Dr. Beck was asked during the Q&A whether EPA was actively working on drafting risk evaluations for the first 10 chemicals TSCA required EPA to identify, even though their long-awaited “problem formulations” have not yet been made available to the public for comment.  Dr. Beck replied that, indeed, the agency was hard at work on the risk evaluations, noting that there are “thousands of studies” agency staff have identified relevant to those 10 chemicals that need to be reviewed.

What struck me about that comment, which in and of itself is not at all surprising, is that it was made just a week after news broke that Dr. Beck’s boss, EPA Administrator Scott Pruitt, plans to direct agency staff to reject large numbers of scientific studies from consideration in policy making at the agency.  

Pruitt’s planned directive is based on a bill disingenuously called the HONEST Act (formerly called the Secret Science Act) that was introduced by Republicans on the House Science Committee in various forms in the last several Congresses but was never passed.  Reports indicate Pruitt intends to impose the draconian requirements of that bill by simple fiat.  Pruitt’s directive would likely bar EPA from using any study that either does not meet a narrow definition of “reproducible” or for which all underlying data, down to even the computer codes of any models used, is not made public.

While the bill and Pruitt’s planned directive wrap themselves in the mantle of transparency, their real purpose is to cripple EPA’s ability to use the best science to inform its decisions.  Don’t take my word for it; see what former senior officials at EPA and other agencies (here and here)  have to say about the devastating effects it would have on EPA science.

Faced with these mandates, EPA staff would have two choices:  Spend what the Congressional Budget Office estimated would be tens or hundreds of millions of dollars annually just to seek to gain access to and make public all data underlying studies EPA wants to use; or simply reject the studies and pretend like they don’t exist, no matter how relevant to the decision at hand.

Dr. Beck made no mention of Pruitt’s plans on last Friday’s webinar, although the story was already public.  She should be familiar with how significant an impact the act would have because her employer immediately preceding her arrival at EPA last April – the American Chemistry Council (ACC) – is a big fan of the HONEST Act, having heartily endorsed it on numerous occasions over the last several years.

All this leaves one asking just how Dr.
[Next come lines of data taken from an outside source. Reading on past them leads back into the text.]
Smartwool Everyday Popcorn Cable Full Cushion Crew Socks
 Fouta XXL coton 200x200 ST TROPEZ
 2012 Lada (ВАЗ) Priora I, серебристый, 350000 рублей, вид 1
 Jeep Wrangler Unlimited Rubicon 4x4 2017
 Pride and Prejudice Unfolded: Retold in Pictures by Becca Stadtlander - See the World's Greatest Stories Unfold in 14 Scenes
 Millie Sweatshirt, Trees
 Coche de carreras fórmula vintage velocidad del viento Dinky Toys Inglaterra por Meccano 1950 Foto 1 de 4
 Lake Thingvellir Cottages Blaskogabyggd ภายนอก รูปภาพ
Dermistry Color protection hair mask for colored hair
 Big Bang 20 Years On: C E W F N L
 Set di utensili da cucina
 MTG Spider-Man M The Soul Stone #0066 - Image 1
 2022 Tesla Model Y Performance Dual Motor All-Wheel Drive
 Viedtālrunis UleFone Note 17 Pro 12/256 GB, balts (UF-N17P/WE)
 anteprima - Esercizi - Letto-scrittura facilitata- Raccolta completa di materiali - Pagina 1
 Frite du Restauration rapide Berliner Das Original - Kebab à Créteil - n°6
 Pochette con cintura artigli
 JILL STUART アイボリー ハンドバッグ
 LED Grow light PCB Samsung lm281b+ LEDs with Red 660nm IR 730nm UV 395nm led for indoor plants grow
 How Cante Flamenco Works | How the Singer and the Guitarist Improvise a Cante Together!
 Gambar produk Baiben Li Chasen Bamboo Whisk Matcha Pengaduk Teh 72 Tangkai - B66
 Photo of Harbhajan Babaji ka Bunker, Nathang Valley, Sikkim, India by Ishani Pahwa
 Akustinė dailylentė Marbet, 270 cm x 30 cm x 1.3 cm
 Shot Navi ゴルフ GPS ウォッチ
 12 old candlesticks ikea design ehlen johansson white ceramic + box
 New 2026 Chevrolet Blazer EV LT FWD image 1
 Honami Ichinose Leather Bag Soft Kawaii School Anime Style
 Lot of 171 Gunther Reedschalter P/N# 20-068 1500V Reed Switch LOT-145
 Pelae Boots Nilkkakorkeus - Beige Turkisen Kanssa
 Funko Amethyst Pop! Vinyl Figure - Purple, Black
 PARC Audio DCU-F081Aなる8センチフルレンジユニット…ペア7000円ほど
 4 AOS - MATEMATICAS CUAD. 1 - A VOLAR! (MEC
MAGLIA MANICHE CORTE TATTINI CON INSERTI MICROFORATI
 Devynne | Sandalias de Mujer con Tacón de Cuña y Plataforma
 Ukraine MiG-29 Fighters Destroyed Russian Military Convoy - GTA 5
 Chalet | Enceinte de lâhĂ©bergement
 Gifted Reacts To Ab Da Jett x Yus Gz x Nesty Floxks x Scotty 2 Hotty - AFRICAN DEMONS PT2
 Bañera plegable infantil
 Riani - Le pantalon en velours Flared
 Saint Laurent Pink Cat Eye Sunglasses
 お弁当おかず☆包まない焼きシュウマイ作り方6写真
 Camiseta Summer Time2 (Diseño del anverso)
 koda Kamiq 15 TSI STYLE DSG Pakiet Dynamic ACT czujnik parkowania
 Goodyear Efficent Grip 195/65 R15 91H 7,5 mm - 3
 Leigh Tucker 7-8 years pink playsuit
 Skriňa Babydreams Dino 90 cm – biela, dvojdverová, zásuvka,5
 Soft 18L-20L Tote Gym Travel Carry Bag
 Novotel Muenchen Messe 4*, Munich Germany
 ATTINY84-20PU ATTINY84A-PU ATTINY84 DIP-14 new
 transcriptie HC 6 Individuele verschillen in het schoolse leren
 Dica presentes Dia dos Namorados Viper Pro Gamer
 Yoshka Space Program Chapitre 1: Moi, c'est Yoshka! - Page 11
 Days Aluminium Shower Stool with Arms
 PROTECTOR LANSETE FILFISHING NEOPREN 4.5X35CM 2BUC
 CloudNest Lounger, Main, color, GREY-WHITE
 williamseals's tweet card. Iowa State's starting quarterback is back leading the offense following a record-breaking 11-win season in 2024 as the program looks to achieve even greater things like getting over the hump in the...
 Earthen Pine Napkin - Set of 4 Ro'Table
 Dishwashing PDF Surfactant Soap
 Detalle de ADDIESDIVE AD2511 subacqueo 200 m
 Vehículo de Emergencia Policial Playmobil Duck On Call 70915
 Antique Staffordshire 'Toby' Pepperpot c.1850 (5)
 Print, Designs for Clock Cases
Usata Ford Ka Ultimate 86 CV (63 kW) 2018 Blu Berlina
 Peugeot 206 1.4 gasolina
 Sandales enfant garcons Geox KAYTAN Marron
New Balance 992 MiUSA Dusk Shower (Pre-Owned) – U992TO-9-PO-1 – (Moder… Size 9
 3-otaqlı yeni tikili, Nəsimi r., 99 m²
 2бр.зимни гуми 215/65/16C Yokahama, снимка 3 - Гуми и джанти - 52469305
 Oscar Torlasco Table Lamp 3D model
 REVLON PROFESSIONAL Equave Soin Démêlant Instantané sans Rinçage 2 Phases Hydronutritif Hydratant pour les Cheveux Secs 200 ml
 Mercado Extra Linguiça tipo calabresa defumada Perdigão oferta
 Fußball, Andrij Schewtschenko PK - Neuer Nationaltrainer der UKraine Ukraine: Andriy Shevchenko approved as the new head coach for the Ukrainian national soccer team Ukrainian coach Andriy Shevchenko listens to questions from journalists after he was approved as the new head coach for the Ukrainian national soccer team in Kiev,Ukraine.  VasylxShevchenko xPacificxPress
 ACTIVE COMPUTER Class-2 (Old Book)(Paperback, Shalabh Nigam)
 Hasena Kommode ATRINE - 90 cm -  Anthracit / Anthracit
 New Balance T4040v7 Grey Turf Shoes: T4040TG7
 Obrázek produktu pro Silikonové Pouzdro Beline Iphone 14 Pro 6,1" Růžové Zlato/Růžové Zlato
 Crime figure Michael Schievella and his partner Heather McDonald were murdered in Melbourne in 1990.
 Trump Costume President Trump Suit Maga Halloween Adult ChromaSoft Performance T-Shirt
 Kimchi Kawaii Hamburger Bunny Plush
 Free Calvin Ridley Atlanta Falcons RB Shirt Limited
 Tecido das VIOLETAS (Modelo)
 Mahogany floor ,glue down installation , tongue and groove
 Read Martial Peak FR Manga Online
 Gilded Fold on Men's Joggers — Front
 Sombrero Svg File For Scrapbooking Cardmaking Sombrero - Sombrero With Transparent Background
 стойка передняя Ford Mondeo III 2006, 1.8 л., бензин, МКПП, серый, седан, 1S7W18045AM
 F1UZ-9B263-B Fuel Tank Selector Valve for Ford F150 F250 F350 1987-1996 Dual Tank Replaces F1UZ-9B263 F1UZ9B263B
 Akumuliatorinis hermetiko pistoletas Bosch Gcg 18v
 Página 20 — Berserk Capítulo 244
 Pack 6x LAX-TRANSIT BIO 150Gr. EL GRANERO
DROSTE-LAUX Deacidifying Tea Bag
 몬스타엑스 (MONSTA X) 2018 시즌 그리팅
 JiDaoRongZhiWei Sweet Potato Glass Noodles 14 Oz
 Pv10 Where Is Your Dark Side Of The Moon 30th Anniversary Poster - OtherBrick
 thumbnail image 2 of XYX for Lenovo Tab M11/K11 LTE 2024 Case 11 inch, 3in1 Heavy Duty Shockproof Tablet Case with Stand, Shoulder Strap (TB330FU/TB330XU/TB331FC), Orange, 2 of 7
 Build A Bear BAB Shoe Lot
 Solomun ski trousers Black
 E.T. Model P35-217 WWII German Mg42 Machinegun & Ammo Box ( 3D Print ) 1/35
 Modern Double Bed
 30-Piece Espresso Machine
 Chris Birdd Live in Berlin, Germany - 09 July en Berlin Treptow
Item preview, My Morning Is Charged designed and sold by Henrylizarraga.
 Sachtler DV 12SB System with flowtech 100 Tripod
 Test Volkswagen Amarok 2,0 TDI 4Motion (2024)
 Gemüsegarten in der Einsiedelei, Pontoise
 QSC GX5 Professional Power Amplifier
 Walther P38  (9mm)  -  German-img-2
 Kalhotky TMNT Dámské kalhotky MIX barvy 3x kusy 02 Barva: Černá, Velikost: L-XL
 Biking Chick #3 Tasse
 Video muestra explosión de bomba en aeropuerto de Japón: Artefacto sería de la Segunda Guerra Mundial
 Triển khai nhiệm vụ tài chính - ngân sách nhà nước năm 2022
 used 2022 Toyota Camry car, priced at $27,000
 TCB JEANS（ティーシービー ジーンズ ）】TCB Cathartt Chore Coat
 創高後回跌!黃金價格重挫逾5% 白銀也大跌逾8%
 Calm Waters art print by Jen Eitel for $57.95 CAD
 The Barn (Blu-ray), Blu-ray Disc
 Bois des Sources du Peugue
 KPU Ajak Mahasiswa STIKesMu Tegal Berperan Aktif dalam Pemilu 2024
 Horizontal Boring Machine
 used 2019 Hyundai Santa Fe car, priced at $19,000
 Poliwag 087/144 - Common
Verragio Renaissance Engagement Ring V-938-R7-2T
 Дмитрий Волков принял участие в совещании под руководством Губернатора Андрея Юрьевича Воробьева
Beck plans to square this circle:   Acknowledging there are thousands of relevant studies to be included in the risk evaluations TSCA charged EPA with conducting, in the face of a directive that would effectively force EPA to reject many or even most of them outright, no matter their quality.  And how does that square with the law’s mandate that EPA consider all “reasonably available information” and ensure its decisions reflect the “best available science”?

We don’t think this is a circle that can be squared.